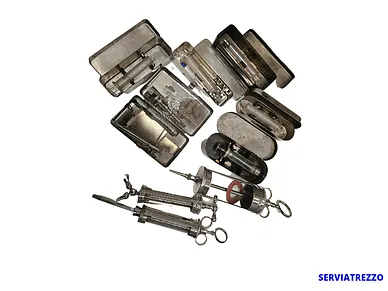 Un montón de instrumentos quirúrgicos están apilados uno encima del otro sobre un fondo blanco.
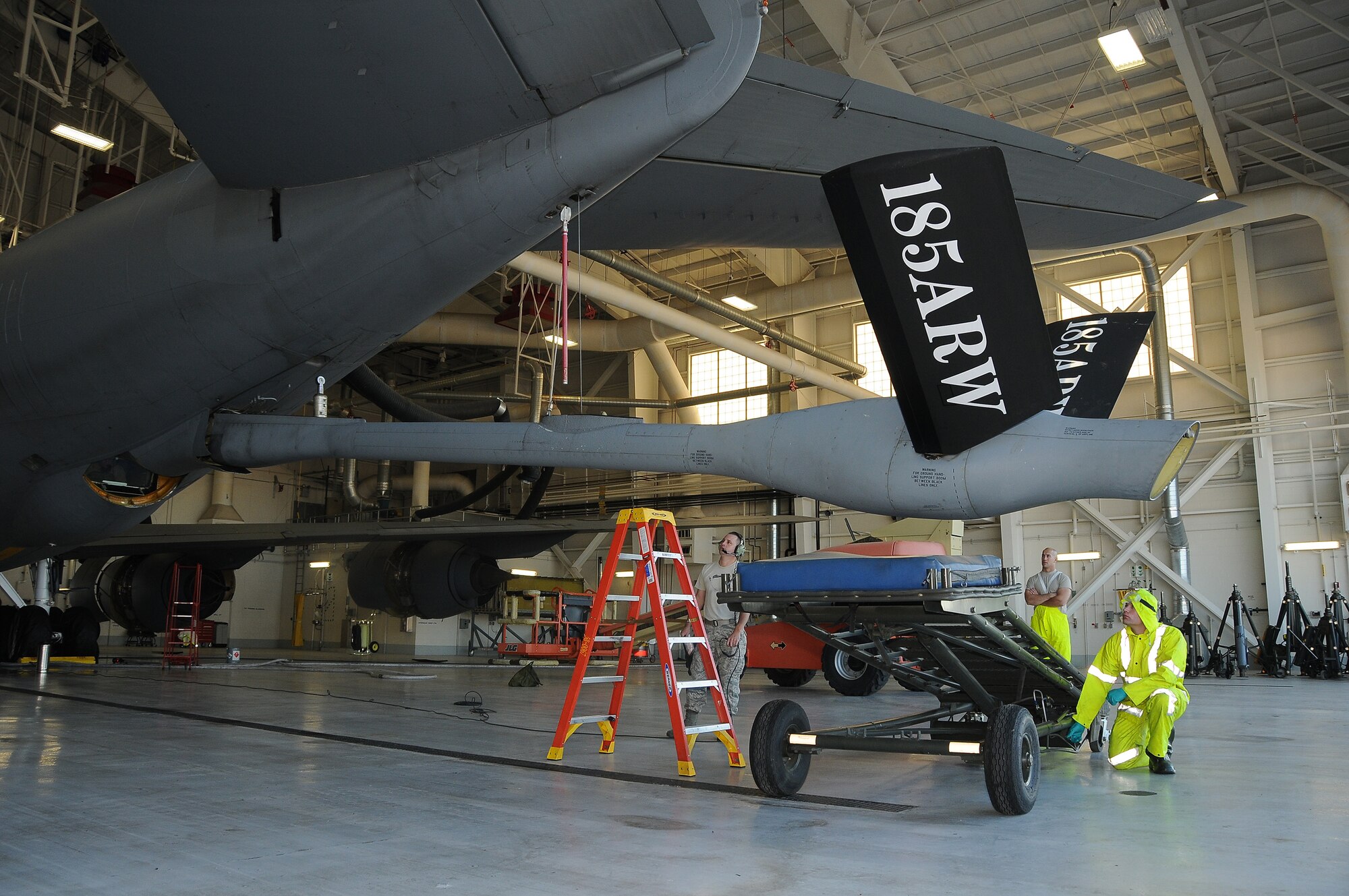 U.S. Air National Guard Master Sgt. Travis Metcalf, Airman 1st Class Matt Niles and Senior Airman Chris Countryman all crew chiefs with the 185th Air Refueling Wing, Iowa Air National Guard, lower the boom on an Air Force KC-135 Stratotanker, November 3, 2015. The boom is being lowered while in the fuel cell hangar in Sioux City, Iowa in preparation for washing as part of a scheduled 180 day aircraft wash.

(U.S. Air National Guard photo by: Master Sgt. Vincent De Groot 185ARW PA/released)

════════

* **What the exercise asks**:
Repeat the material verbatim but without any of its pictures.

* **Solved exercise**:
 Un montón de instrumentos quirúrgicos están apilados uno encima del otro sobre un fondo blanco.
 U.S. Air National Guard Master Sgt. Travis Metcalf, Airman 1st Class Matt Niles and Senior Airman Chris Countryman all crew chiefs with the 185th Air Refueling Wing, Iowa Air National Guard, lower the boom on an Air Force KC-135 Stratotanker, November 3, 2015. The boom is being lowered while in the fuel cell hangar in Sioux City, Iowa in preparation for washing as part of a scheduled 180 day aircraft wash.

(U.S. Air National Guard photo by: Master Sgt. Vincent De Groot 185ARW PA/released)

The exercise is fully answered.